Head’s Message
State of the School Night 2011 – September 20 and 21, 2011
Speech by Joel Pelcyger, Head of School
On the first day when Ellie and I started PS#1, back in 1971, John Lennon’s Imagine album was released. I could not have imagined forty years ago that I would be here standing on this stage looking out at you as Head of this amazing institution, raising children with you every day, and on the threshold of building our Dream campus. Thank you.
How do I feel about starting and running PS#1 for the past forty years? How can I feel anything but great when on the very first day of school two weeks ago – after a long summer of work spent trying to get everything ready so that when everyone of you came back, it would all seem effortless – I received an email from a parent that read:
“Her Last First Day
Today was my daughter’s last First Day of School at PS#1. I cried. I’ve cried every year on the first day. I’ve cried because I couldn’t believe that my daughter was old enough to start Kindergarten. Then I cried (two years later) because her baby brother was old enough to go to school with her.

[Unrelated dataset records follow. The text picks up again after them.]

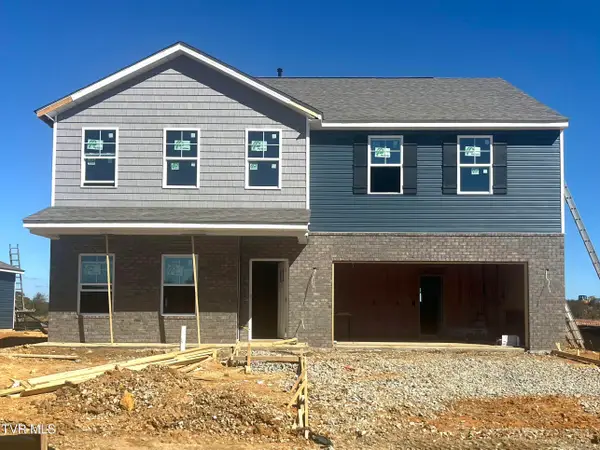 253 Artist Avenue, Johnson City, TN 37615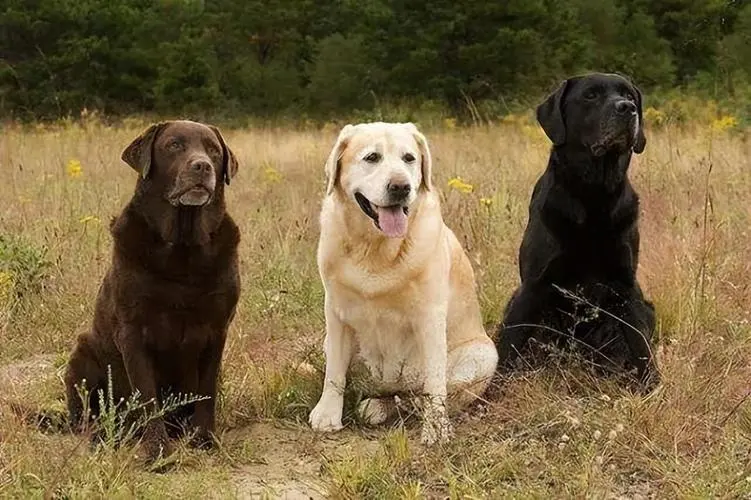 Labrador retriever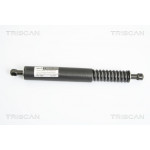TRISCAN Gasfeder, Koffer-/Laderaum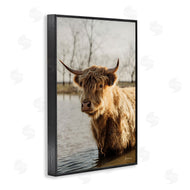 Dakota Diener | Peering Cattle in Water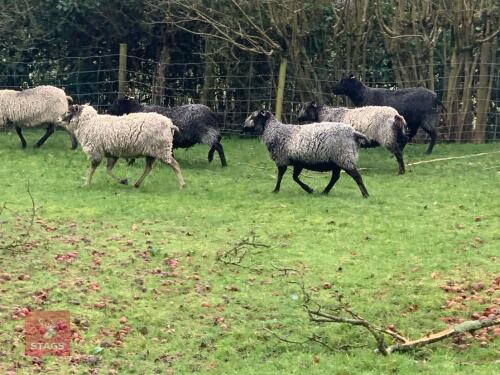10 SHETLAND EWES - BIDS PER LIFE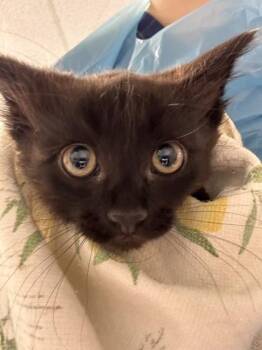 Dutch -  Domestic Medium Hair and Domestic Short Hair Cat for Adoption in Roseville, California - Dutch | PetCurious
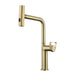 Brushed gold pull-out kitchen faucet with Raindance waterfall feature and durable brass construction.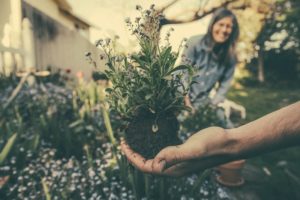 Paperi's garden | Progettazione, realizzazione e manutenzione giardini | Milano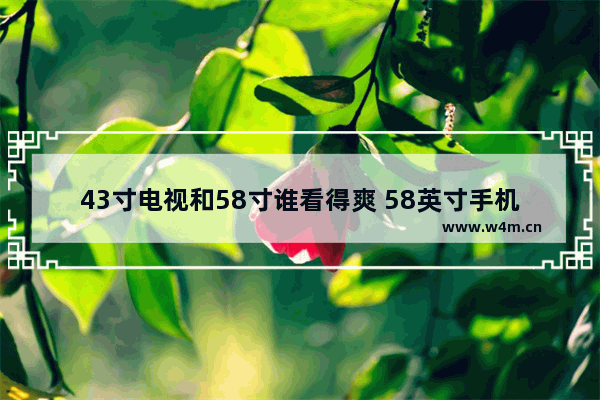 43寸电视和58寸谁看得爽 58英寸手机推荐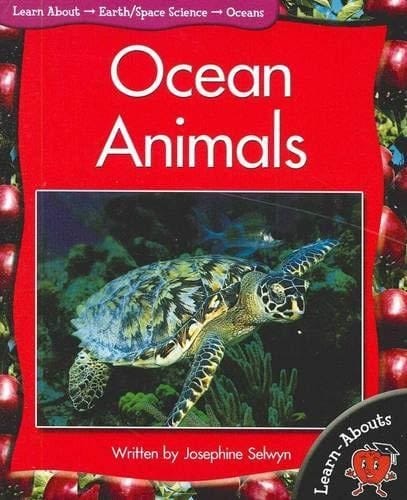 Ocean Animals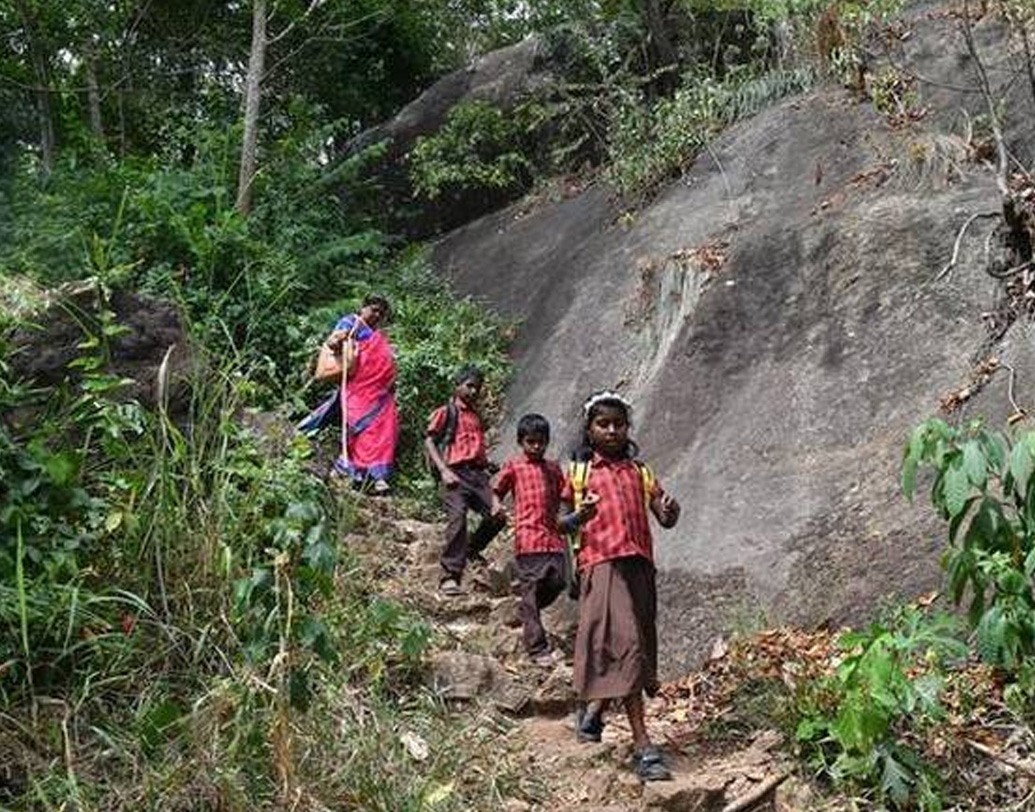 এ বার শুরু হয় ঊষাকুমারীর জঙ্গল-পাড়ি। একটি মাত্র লাঠি সম্বল করে তিনি দু’ঘণ্টা ধরে ঘন অরণ্যের মধ্যে দিয়ে হেঁটে যান পাহাড়ি পথে। বন্যপ্রাণীদের আক্রমণের আশঙ্কায় বিপদসঙ্কুল এই পথের পরে ঊষাকুমারী পৌঁছন নিজের কর্মক্ষেত্র, ‘অগস্ত্য একা আদ্যপক স্কুল’-এ। (ছবি : সোশ্যাল মিডিয়া)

I also cry because this year, like the six years prior, the kids press at the gate, clamoring for the bell to ring in a new year. You can feel the excitement as they await the countdown. Bubbles everywhere, teachers and staff greeting and cheering. Fun and festivity await… at school! The kids can’t wait to get in. They RUN to their classrooms to start school. They WANT to be here. It’s beautiful and it makes me cry.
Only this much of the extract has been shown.